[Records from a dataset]
════
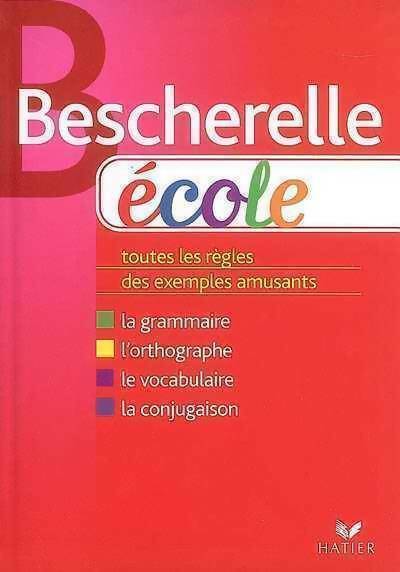 Bescherelle Ecole - Bescherelle - Livre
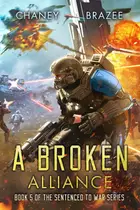 Book cover of A Broken Alliance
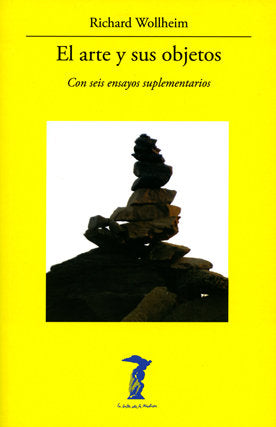 El arte y sus objetos, de Wollheim, Richard | portada del libro
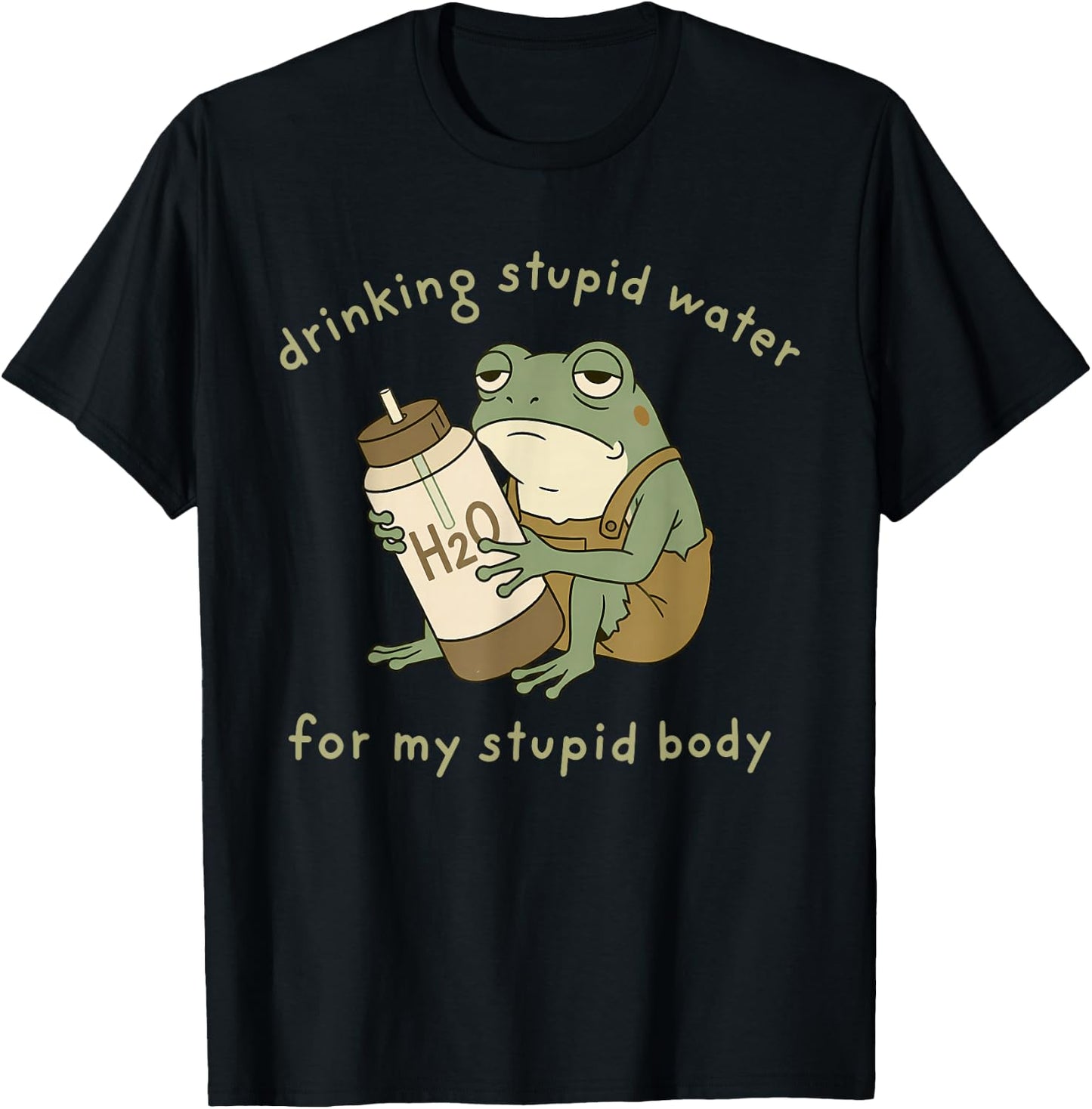 Drinking Stupid Water for My Stupid Body Fun Frog Hydration T-Shirt - T-Shirt | Black
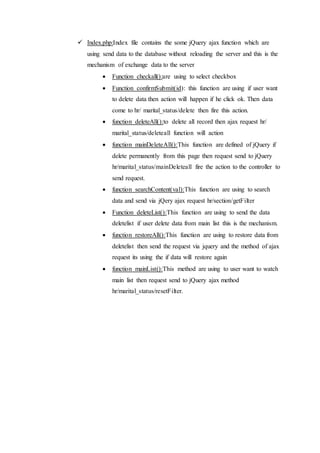  Index.php:Index file contains the some jQuery ajax function which are
using send data to the database without reloading the server and this is the
mechanism of exchange data to the server
 Function checkall():are using to select checkbox
 Function confirmSubmit(id): this function are using if user want
to delete data then action will happen if he click ok. Then data
come to hr/ marital_status/delete then fire this action.
 function deleteAll():to delete all record then ajax request hr/
marital_status/deleteall function will action
 function mainDeleteAll():This function are defined of jQuery if
delete permanently from this page then request send to jQuery
hr/marital_status/mainDeleteall fire the action to the controller to
send request.
 function searchContent(val):This function are using to search
data and send via jQery ajax request hr/section/getFilter
 Function deleteList():This function are using to send the data
deletelist if user delete data from main list this is the mechanism.
 function restoreAll():This function are using to restore data from
deletelist then send the request via jquery and the method of ajax
request its using the if data will restore again
 function mainList():This method are using to user want to watch
main list then request send to jQuery ajax method
hr/marital_status/resetFilter.
 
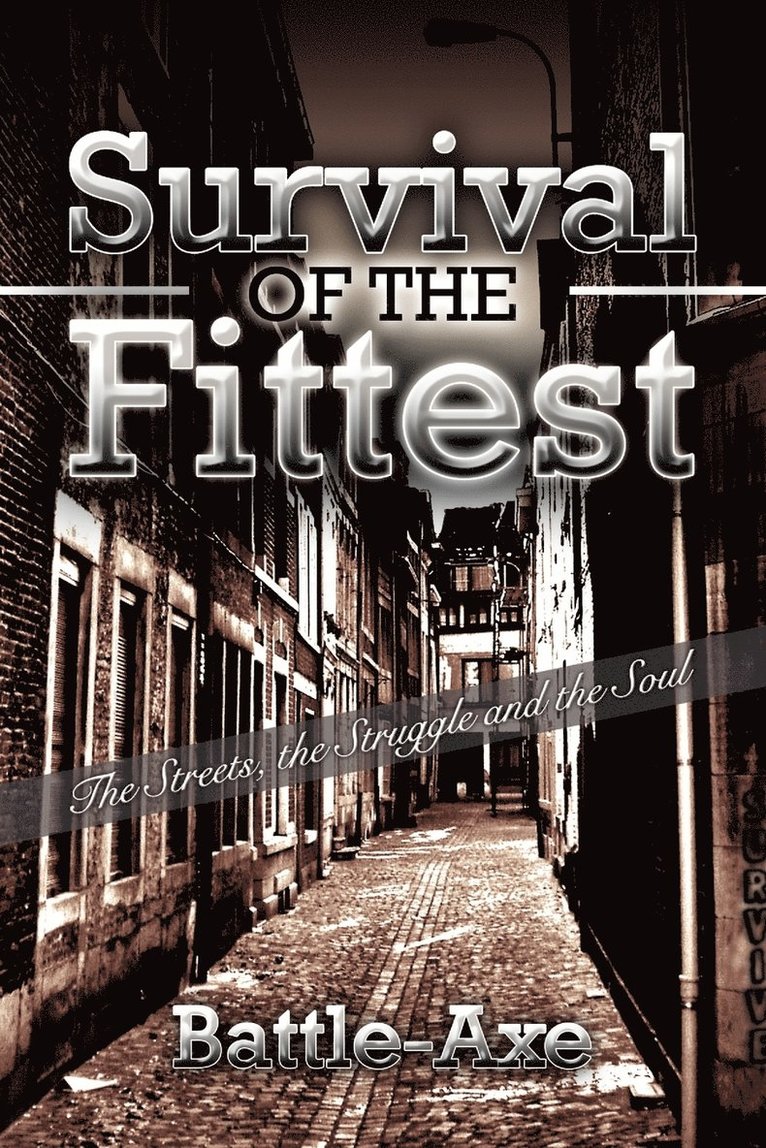 Survival of the Fittest 1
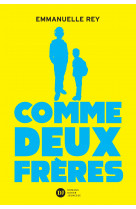 Comme deux frères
════
#### Goal of the exercise:
Starting with the line that contains "request its using", give the lines again exactly as they appear through the last line of the data, pictures excluded.

#### Solution to the problem:
request its using the if data will restore again
 function mainList():This method are using to user want to watch
main list then request send to jQuery ajax method
hr/marital_status/resetFilter.
 
 Survival of the Fittest 1
 Comme deux frères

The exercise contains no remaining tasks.